Foundation chair Patricia Cole said members were shocked by Lisanti’s comments, given “her record of working with and for people of color and her unwavering support of efforts like ours.” Cole said the delegate is doing the right thing by recognizing the pain caused by her words and accepting responsibility.

“God didn't make us perfect, but he did give us the ability to atone for our mistakes,” Cole wrote in an email. “She extended an apology to our organization and I accept her apology.
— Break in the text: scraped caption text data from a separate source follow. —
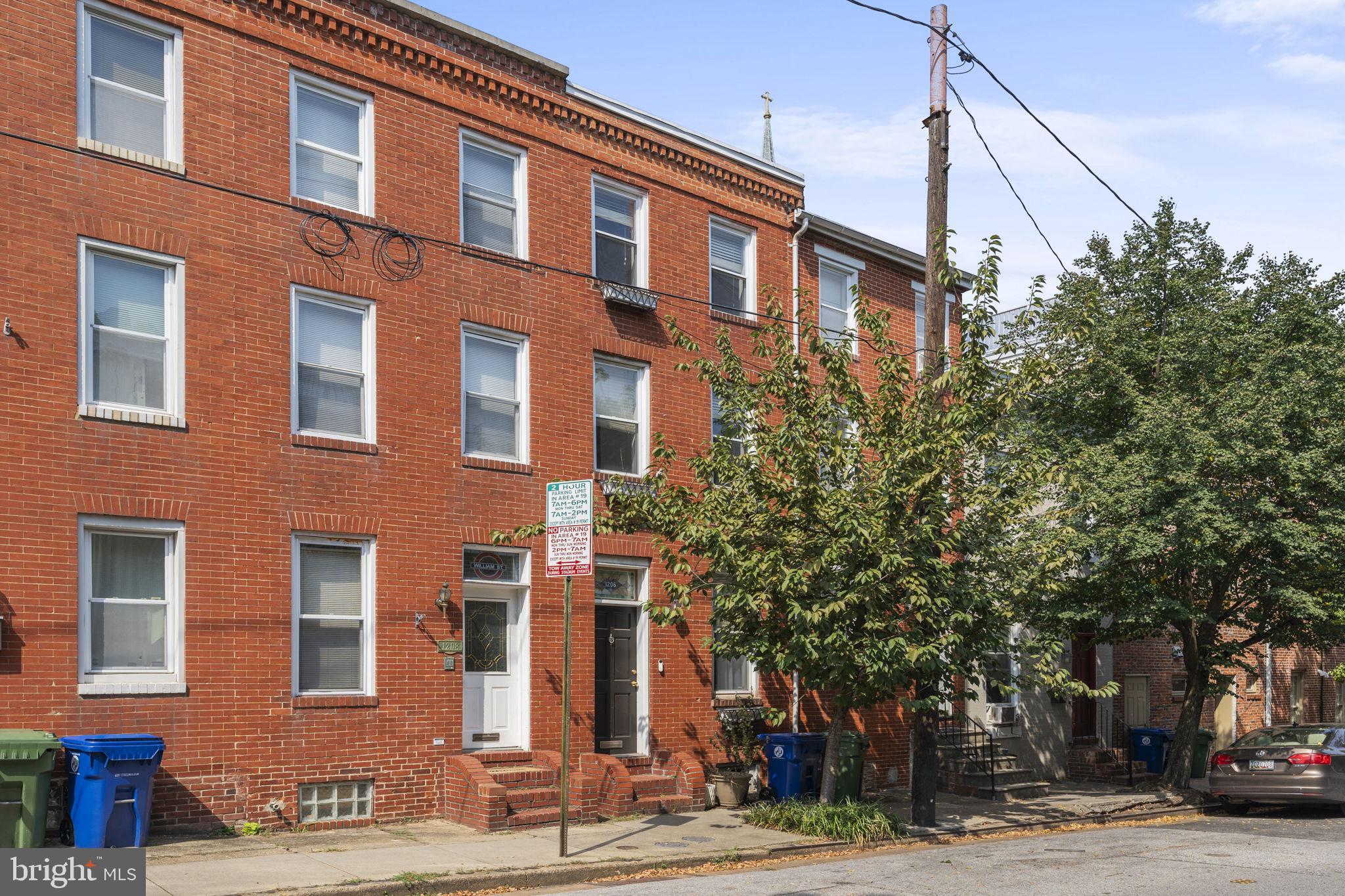 Property available 5/31/2025 - Welcome to 1206 William Street. This home is located on one of the cutest streets in Federal Hill. This beautifully renovated townhouse has tons of character and charm. It has original wood floors throughout, exposed brick, three gas fireplaces, and skylights for tons of natural light. The front door opens to the living room complete with high ceilings and a beautiful gas fireplace. On the first floor, there is a separate dining room with a second gas fireplace, a half bathroom with laundry, and most importantly, an updated kitchen with stainless steel appliances and a gas stove. There is a door leading out to the private fenced patio, perfect for entertaining guests. The second floor features two bedrooms and a full bathroom to be shared between them. The first large bedroom has a gas fireplace while the smaller second flex room opens to the deck offering even more outdoor space. The private third-floor bedroom is completed with an ensuite bathroom. This home is in close proximity to all that Federal Hill and the Inner Harbor has to offer. Applicants please apply at https://apply.link/GSDxQ4E Rent Spree Link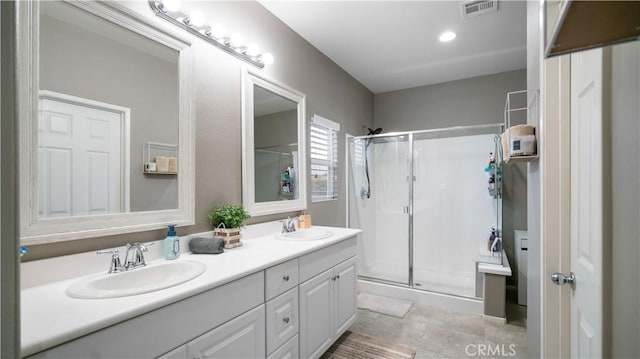 bathroom with vanity and an enclosed shower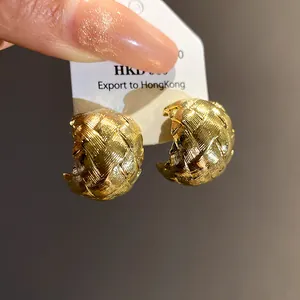 Gros plan de boucles d'oreilles dorées en forme de C avec une texture tressée complexe.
We will continue to monitor the events as they unfold, but we hope that we can soon begin healing as a community.”

Benn agreed that Lisanti needs to heal, but says she needs to do so “outside the legislature.”

Galloway says she might have been able to forgive Lisanti more easily had she apologized sooner and more authentically.

“She needed to come to Harford County and ask for our forgiveness, not from the floor of the House,” she said. “She should go door to door to let us know how sorry she is.”

JoWanda Strickland-Lucas, president of African American Democratic Club of Harford County, said frustrations have been simmering even before news of the slur broke. She referenced a vote Lisanti made in 2015 against restoring voting rights to ex-felons. The bill, which ultimately became law, had been a priority for the NAACP and African-American residents in Harford.

“We don’t have a representative we can trust,” she said.

The back-and-forth manner in which Lisanti at first acknowledged racist remarks, then walked back her comments, have contributed to the already frayed sense of trust between some residents and their representative.

On Thursday night, Lisanti said she did not believe she had used an offensive term to describe African-Americans, although she acknowledged earlier in the week that she had done so.

When The Post originally asked whether she has ever used the slur, she said: “I’m sure I have. .?... I’m sure everyone has used it. I’ve used the f-word. I used the Lord’s name in vain.”

Del. Jay Walker, a Prince George’s County Democrat who was with Lisanti during the gathering in the cigar bar the night of the incident, said he heard her use the racist slur.

“It wasn’t alleged,” Walker said Friday. “I was there.”

Del. Darryl Barnes, a Prince George’s County Democrat, said Lisanti admitted to the Legislative Black Caucus in a closed-door meeting that she had used the slur.

“To me that is another case of denial,” Barnes said of Lisanti’s most recent statement. “She said it once before that ‘I did say it.’ Now she’s saying that I didn’t say it.”

“To me she sounds like Gov. Ralph Northam,” Barnes said, referring to the Virginia governor. Northam at first admitted to appearing in a medical school yearbook photo featuring one person in blackface and another in a KKK robe. Then he denied it, but said he wore blackface on a separate occasion, when imitating Michael Jackson.

To some of Lisanti’s constituents, the situation unfolding in Annapolis is reminiscent of what happened with Northam — but with at least one key difference.

“Thirty years ago is different from 30 days ago,” Smith said.

“She will go down.”

If Lisanti were to resign, the Harford County Democratic Central Committee would be charged with nominating a replacement. Hogan could appoint that individual, or ask for another nomination.

Lisanti did not respond to requests for comment Friday.

Baltimore Sun reporter Luke Broadwater contributed to this article.